■ Required action ■
Below are some records; quote exactly the lines from the one that contains "Google, alışveriş platformunu" through the one that contains "6个女生必学的提升吸引力方法！让你更有自信，散发独特魅力！", inclusive, and no others.

■ Excerpted records ■

------------------------------

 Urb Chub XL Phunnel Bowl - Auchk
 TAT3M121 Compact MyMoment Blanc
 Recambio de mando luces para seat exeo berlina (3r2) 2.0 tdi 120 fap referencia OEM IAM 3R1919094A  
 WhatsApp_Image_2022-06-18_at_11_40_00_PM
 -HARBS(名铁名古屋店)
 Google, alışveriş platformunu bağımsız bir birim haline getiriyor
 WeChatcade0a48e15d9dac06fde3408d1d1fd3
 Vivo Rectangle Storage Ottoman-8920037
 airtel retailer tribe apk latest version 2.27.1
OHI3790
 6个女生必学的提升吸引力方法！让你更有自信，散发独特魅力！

------------------------------

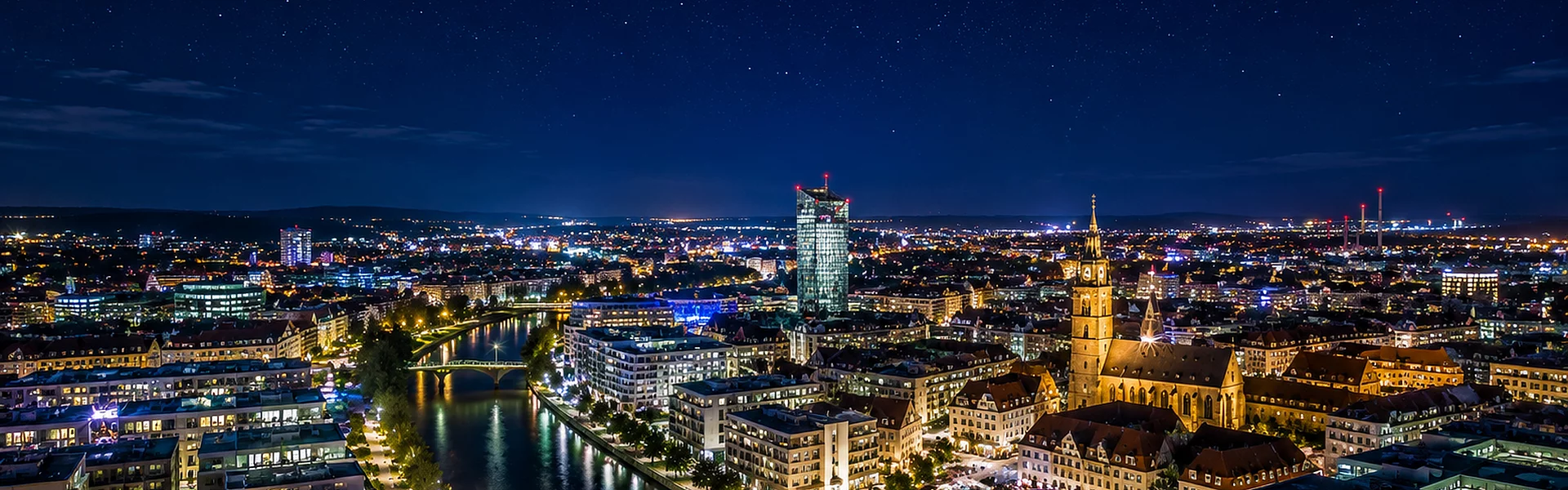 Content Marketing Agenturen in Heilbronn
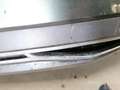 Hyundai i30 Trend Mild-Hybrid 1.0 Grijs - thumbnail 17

------------------------------

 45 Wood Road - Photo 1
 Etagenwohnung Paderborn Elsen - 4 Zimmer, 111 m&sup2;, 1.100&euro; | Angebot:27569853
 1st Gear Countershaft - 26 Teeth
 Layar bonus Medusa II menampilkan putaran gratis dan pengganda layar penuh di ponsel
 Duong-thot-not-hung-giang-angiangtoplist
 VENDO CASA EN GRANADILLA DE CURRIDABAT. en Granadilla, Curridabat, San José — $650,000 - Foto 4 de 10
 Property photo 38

------------------------------

■ Solved problem ■
 Google, alışveriş platformunu bağımsız bir birim haline getiriyor
 WeChatcade0a48e15d9dac06fde3408d1d1fd3
 Vivo Rectangle Storage Ottoman-8920037
 airtel retailer tribe apk latest version 2.27.1
OHI3790
 6个女生必学的提升吸引力方法！让你更有自信，散发独特魅力！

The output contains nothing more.